The effect of insulating materials on heat loss from the body

Richard Smith 5α

Introduction

In this experiment I will be testing six different materials, felt, cotton wool, bubble wrap, polystyrene, wool and cotton. The other variables, for example, the number of layers, the amount of water in the flask, and the size of the flask, will be fixed to enable a fair test. I will use 200 cm3 of water in the flask, which will be inside a beaker full of the insulating material.

Prediction

I think that the polystyrene will be the best insulator, because after looking at all the materials under a microscope, I found that polystyrene had the smallest air spaces. This means that the air in those spaces will take the least time to heat up and therefore less heat is lost in the heating. I think that the bubble wrap will be the worst insulator, because it has large air spaces, which will take longer to heat up. The order of best → worst may look like this: polystyrene, felt, wool, cotton wool, cotton, bubble wrap.
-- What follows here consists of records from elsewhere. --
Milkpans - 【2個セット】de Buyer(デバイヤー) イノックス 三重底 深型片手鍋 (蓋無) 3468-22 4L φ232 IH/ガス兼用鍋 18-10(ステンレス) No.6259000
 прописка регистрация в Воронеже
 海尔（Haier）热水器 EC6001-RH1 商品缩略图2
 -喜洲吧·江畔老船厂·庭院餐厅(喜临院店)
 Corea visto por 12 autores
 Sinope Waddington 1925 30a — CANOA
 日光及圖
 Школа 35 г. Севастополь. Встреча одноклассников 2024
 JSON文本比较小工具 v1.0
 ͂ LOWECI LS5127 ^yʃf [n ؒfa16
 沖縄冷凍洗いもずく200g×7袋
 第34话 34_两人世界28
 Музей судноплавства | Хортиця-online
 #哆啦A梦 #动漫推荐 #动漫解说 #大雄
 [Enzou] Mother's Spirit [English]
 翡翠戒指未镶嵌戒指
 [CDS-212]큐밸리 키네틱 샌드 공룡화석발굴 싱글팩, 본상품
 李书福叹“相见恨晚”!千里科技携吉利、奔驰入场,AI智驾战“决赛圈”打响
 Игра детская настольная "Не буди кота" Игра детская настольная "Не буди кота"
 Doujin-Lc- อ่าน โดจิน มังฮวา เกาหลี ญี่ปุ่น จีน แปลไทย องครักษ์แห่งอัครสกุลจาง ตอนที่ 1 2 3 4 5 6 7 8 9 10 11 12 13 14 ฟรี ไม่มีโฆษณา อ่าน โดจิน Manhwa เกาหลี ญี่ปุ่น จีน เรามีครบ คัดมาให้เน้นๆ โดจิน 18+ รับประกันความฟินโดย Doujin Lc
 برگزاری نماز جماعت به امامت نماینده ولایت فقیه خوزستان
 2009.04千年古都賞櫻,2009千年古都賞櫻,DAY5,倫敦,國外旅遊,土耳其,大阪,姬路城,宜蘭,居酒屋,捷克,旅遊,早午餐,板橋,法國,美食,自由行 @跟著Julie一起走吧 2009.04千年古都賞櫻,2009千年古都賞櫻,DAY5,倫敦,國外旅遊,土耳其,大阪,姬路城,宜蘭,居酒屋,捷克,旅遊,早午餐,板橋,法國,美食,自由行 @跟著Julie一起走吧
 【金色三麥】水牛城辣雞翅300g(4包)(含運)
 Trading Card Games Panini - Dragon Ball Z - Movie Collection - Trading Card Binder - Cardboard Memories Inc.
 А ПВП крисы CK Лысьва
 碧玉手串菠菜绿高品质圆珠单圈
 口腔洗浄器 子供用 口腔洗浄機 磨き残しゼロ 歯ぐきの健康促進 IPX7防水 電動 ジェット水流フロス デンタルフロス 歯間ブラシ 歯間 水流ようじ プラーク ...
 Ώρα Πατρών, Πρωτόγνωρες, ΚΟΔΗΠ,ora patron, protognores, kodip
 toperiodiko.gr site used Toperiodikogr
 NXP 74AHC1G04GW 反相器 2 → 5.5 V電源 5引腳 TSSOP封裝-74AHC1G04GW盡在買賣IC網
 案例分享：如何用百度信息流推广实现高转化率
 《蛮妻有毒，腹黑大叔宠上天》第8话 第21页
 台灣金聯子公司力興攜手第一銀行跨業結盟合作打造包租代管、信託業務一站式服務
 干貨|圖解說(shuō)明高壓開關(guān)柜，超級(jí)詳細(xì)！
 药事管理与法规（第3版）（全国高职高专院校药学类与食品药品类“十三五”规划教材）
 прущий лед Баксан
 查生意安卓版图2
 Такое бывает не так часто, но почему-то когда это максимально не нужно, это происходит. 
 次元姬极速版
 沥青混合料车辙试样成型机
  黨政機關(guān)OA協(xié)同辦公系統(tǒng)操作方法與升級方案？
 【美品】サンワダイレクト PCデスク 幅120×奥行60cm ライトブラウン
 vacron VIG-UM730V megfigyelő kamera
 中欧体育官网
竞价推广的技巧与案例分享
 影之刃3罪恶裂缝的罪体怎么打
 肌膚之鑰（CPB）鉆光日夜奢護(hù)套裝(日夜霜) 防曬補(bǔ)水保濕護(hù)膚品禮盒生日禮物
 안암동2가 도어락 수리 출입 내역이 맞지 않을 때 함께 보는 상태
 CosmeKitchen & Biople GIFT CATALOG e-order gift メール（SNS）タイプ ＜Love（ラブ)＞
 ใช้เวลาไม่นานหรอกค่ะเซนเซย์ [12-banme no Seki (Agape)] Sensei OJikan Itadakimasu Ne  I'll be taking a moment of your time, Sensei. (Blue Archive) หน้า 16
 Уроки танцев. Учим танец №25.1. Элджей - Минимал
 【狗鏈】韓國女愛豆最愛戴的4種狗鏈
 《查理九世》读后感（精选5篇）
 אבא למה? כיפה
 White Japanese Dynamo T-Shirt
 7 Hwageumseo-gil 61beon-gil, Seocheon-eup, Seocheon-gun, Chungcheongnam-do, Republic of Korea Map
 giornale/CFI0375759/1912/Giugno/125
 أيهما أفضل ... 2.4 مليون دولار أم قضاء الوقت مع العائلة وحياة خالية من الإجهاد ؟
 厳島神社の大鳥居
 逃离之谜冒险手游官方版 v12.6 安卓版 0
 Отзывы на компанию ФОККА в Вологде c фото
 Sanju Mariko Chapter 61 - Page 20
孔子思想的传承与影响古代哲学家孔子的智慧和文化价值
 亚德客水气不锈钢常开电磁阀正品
I think that the graph will look like this: -

The heat is lost at first through conduction to the layers of insulation. That is why in my predicted graph I think there will be quite a rapid fall in temperature initially and then it will slow down. When the temperature drop starts to slow down that is when the insulating material is heated to roughly the same temperature as the water. The point at which this ‘slow down’ happens determines how good the insulator is. (The sooner; the better the insulator.) This is shown in my graph above.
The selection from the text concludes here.